# Thread: question on limit theorems hw!!!

1. ## question on limit theorems hw!!!

Suppose that 2500 customers subscribe to a telephone exchange. There are 80 trunklines available. Any one customer has the probability of .03 of needing a trunkline on a given call. Consider the situation as 2500 trials with probability of success p=.03, what is the approximate probability that the 2500 customers will tie-up the 80 trunklines at any given time?

2. Originally Posted by lauren2988
Suppose that 2500 customers subscribe to a telephone exchange. There are 80 trunklines available. Any one customer has the probability of .03 of needing a trunkline on a given call. Consider the situation as 2500 trials with probability of success p=.03, what is the approximate probability that the 2500 customers will tie-up the 80 trunklines at any given time?
Let X be the random variable number of customers requiring a trunkline.

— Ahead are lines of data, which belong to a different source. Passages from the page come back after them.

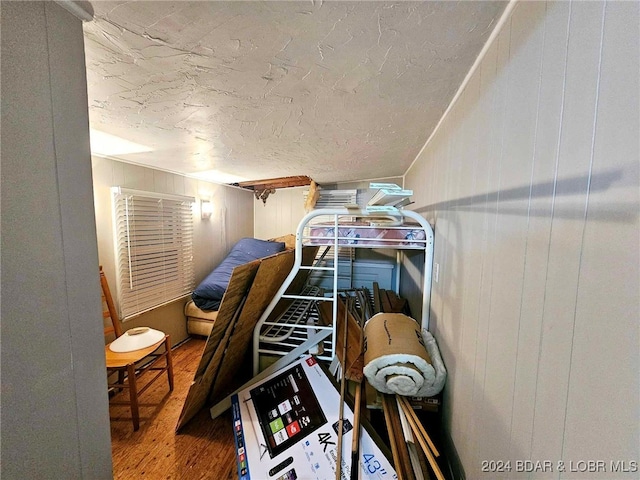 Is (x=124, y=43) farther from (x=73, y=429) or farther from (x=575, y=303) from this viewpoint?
(x=575, y=303)

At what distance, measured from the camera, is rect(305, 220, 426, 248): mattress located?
1.64 meters

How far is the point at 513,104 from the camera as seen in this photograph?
2.23ft

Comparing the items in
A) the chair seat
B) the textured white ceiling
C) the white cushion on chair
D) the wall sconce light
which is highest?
the textured white ceiling

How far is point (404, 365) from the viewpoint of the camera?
114cm

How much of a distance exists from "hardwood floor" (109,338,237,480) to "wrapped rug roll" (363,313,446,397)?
1102 mm

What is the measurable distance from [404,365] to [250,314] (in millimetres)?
1217

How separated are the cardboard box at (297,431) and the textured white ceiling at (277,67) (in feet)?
5.58

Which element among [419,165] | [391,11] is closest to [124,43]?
[391,11]

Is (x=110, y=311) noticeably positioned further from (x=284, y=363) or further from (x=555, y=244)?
(x=555, y=244)

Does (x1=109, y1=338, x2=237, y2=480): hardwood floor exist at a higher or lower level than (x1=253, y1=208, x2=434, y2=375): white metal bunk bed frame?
lower

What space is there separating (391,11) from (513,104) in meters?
0.45

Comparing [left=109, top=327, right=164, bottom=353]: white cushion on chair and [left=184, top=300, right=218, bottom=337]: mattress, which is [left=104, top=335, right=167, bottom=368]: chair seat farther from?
[left=184, top=300, right=218, bottom=337]: mattress

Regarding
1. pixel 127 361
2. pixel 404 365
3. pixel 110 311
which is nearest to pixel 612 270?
pixel 404 365

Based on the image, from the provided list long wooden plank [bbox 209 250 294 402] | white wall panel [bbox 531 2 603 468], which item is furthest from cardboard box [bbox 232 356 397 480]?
white wall panel [bbox 531 2 603 468] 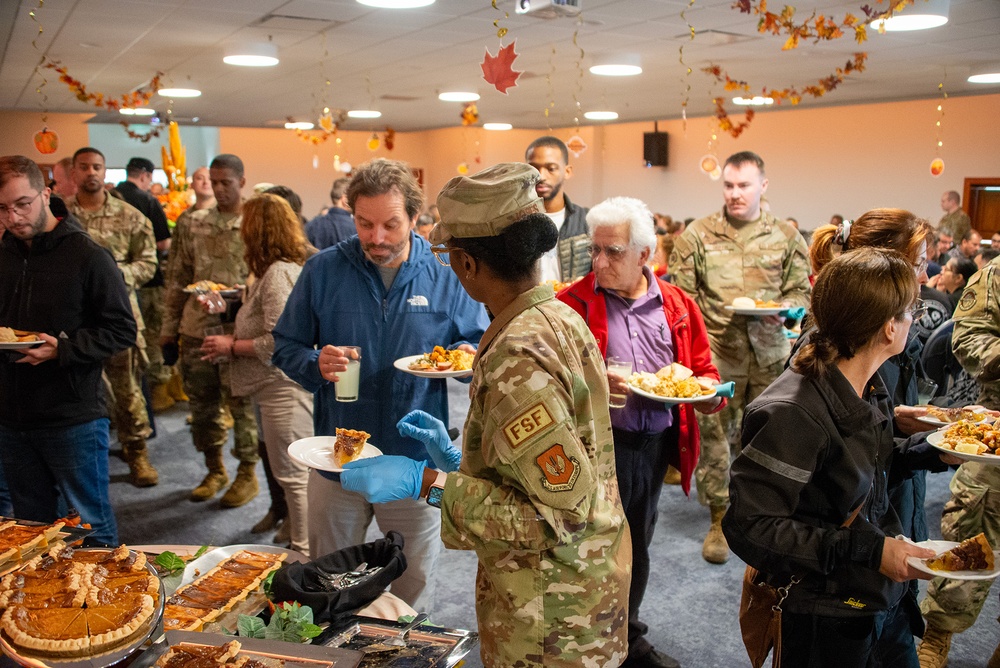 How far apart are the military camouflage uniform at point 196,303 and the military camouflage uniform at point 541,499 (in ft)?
10.2

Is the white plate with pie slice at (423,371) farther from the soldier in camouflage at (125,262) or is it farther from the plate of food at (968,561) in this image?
the soldier in camouflage at (125,262)

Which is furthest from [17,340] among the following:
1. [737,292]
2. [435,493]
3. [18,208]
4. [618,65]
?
[618,65]

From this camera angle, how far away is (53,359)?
276 cm

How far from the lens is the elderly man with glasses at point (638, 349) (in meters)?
2.67

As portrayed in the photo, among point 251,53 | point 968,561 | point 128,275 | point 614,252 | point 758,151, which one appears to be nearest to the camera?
point 968,561

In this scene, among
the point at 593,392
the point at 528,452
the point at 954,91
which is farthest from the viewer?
the point at 954,91

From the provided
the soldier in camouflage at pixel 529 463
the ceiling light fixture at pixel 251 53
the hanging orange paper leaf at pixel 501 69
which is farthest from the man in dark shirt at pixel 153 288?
the soldier in camouflage at pixel 529 463

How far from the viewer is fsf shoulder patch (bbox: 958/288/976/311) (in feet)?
9.36

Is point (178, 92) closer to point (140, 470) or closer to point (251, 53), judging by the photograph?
point (251, 53)

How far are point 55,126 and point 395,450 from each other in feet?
46.3

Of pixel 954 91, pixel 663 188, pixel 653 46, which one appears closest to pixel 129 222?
pixel 653 46

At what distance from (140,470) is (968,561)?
434 centimetres

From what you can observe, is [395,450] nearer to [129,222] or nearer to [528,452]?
[528,452]

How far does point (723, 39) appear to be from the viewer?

X ~ Binomial(n = 2500, p = 0.03)

Calculate $\Pr(X \geq 80) = 1 - \Pr(X \leq 79)$.

(In this golden age of technology the normal approximation to the binomial distribution is not required although its use would be valid).

3. So you are saying we can approx a binomil distribution using a normal distribution?
so we would take mu to be np=2500*.03=75
and sigma^2 to be np(1-p)=2500*.03*.97=72.75
then find th z-score and use a table for the answer??

4. You can use binomial distribution, when the problem satifies the 4 characteristics listed below :

. The experiment consists of n identical trials
. Each trial results in 1 of 2 outcomes called 'success' and 'failure'
. P('success') = p remains constant from trial to trial, and p('failure') = 1-p
. Each trials is independent, i.e. not affected by results of other trials.

This characteristics perfectly suits the problem that you brought up therefore i think it is best to use binominial distribution to solve the problem. If i am not wrong u need to find th z-score and use a table for get the answer. Remember to apply the continuity correction for these kind of problem. Hope it helps.